I suppose it equates to a latency of ~0.35us for each mutex
taken/released. Can this be right? The lmbench null syscall
is getppid:
# ./lat_syscall null
Simple syscall: 2.0178 microseconds
# ./lat_syscall null
Simple syscall: 2.0333 microseconds
# sysctl -w kern.giant.proc=0
kern.giant.proc: 1 -> 0
# ./lat_syscall null
Simple syscall: 1.6360 microseconds
# ./lat_syscall null
Simple syscall: 1.6333 microseconds
Is the locking overhead this bad on x86? It looks downright
embarrassing on alpha. Can anything be done about it? Are the
memory barriers in atomic_cmpset_acq_* really needed? They have the
look of belt & suspenders code..
FWIW, The appended diff to remove them reducess null system call
latency to 1.6us with kern.giant.proc=1, and 1.4us with
kern.giant.proc=0. I'm about to start a buildworld with it, but I
don't have any SMP boxes.
On the other hand, the pipe results are tremendous. Pipe now goes
like a bat out of hell. Congrats to whoever did that.
Drew
L M B E N C H 2 . 0 S U M M A R Y
------------------------------------
Basic system parameters
----------------------------------------------------
Host OS Description Mhz
--------- ------------- ----------------------- ----
monet FreeBSD 4.5-S alpha-freebsd4.5 497
monet FreeBSD 5.0-C alpha-freebsd5.0 497
monet OSF1 V5.1 alphaev6-dec-osf5.1 499
Processor, Processes - times in microseconds - smaller is better
----------------------------------------------------------------
Host OS Mhz null null open selct sig sig fork exec sh
call I/O stat clos TCP inst hndl proc proc proc
--------- ------------- ---- ---- ---- ---- ---- ----- ---- ---- ---- ---- ----
monet FreeBSD 4.5-S 497 0.57 3.78 16.2 22.5 33.7 1.29 6.25 1434 4692 12.K
monet FreeBSD 5.0-C 497 2.06 7.52 28.1 44.1 18.7 2.35 8.91 1440 4716 8895
monet OSF1 V5.1 499 0.41 1.33 144. 157. 19.8 1.01 4.56 1039 2745 7611
Context switching - times in microseconds - smaller is better
-------------------------------------------------------------
Host OS 2p/0K 2p/16K 2p/64K 8p/16K 8p/64K 16p/16K 16p/64K
ctxsw ctxsw ctxsw ctxsw ctxsw ctxsw ctxsw
--------- ------------- ----- ------ ------ ------ ------ ------- -------
monet FreeBSD 4.5-S 1.850 20.4 98.1 36.9 139.2 39.7 139.7
monet FreeBSD 5.0-C 4.250 13.6 47.1 22.9 62.2 27.2 68.3
monet OSF1 V5.1 5.430 9.8900 45.2 18.1 49.5 20.2 53.6
*Local* Communication latencies in microseconds - smaller is better
-------------------------------------------------------------------
Host OS 2p/0K Pipe AF UDP RPC/ TCP RPC/ TCP
ctxsw UNIX UDP TCP conn
--------- ------------- ----- ----- ---- ----- ----- ----- ----- ----
monet FreeBSD 4.5-S 1.850 12.0 14.4 38.5 79.1 43.0 100.0 231.

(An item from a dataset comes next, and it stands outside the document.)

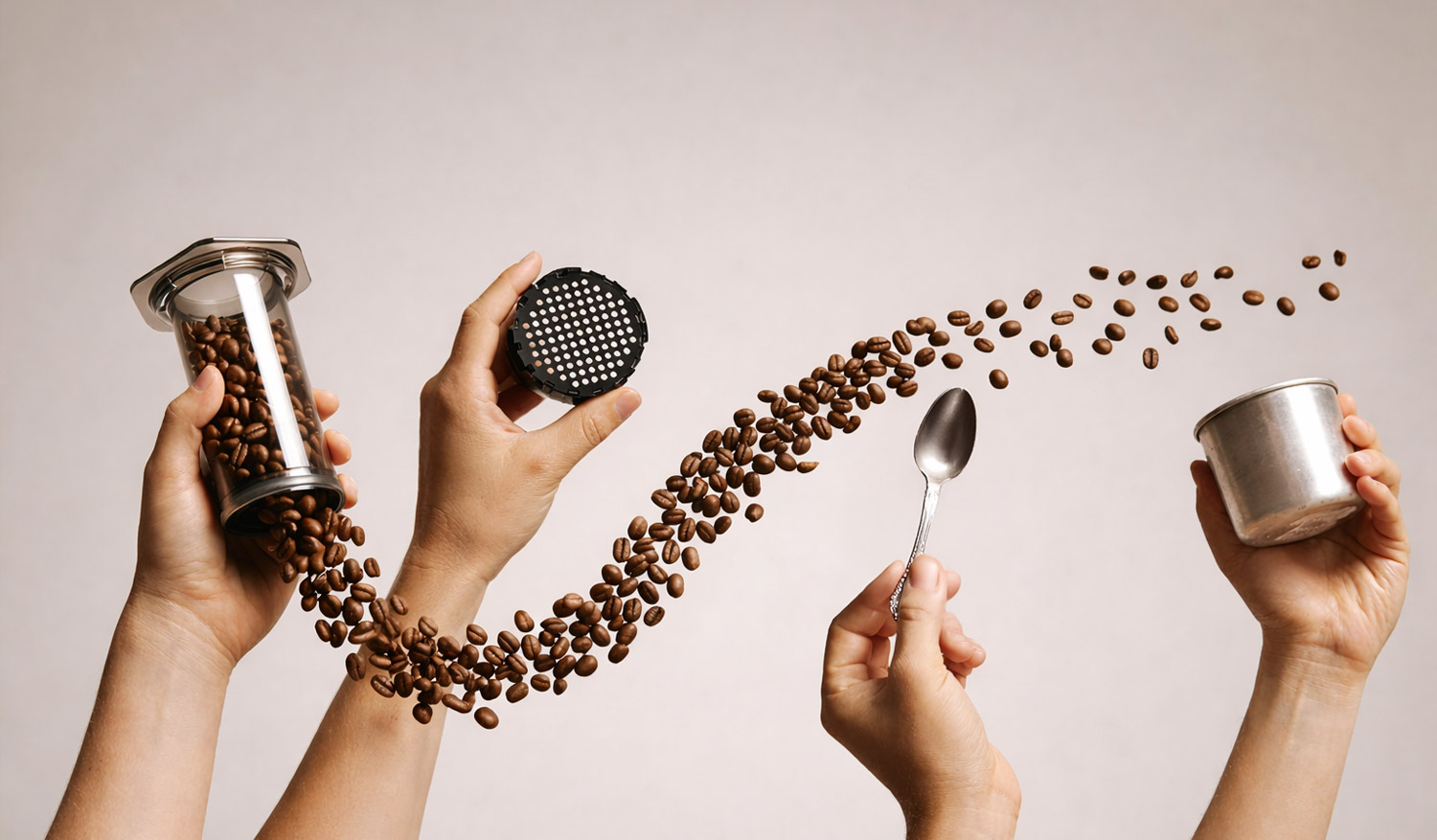 Mehrere Hände bereiten Kaffee zu: Kaffeebohnen fliegen in einer Bewegung von einem Behälter über einen Filtereinsatz und einen Löffel in einen Metallbecher vor neutralem Hintergrund.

monet FreeBSD 5.0-C 4.250 28.4 33.5 87.5 300.
monet OSF1 V5.1 5.430 24.8 48.7 90.3 152.8 84.8 197.4
File & VM system latencies in microseconds - smaller is better
--------------------------------------------------------------
Host OS 0K File 10K File Mmap Prot Page
Create Delete Create Delete Latency Fault Fault
--------- ------------- ------ ------ ------ ------ ------- ----- -----
monet FreeBSD 4.5-S 80.4 57.7 2457.0 1243.8 2980.0 0.527
monet FreeBSD 5.0-C 120.2 99.4 330.3 4854.4 4688.0 0.145
monet OSF1 V5.1 488.3 855.4 1773.0 1083.4 1462.0 2.931 4470.0
*Local* Communication bandwidths in MB/s - bigger is better
-----------------------------------------------------------
Host OS Pipe AF TCP File Mmap Bcopy Bcopy Mem Mem
UNIX reread reread (libc) (hand) read write
--------- ------------- ---- ---- ---- ------ ------ ------ ------ ---- -----
monet FreeBSD 4.5-S 82.3 201. 70.2 159.1 953.5 452.6 342.3 953. 351.2
monet FreeBSD 5.0-C 429. 127. 102. 250.9 946.6 439.3 339.3 947. 350.7
monet OSF1 V5.1 301. 237. 318.1 979.5 451.7 350.1 978. 356.7
Memory latencies in nanoseconds - smaller is better
(WARNING - may not be correct, check graphs)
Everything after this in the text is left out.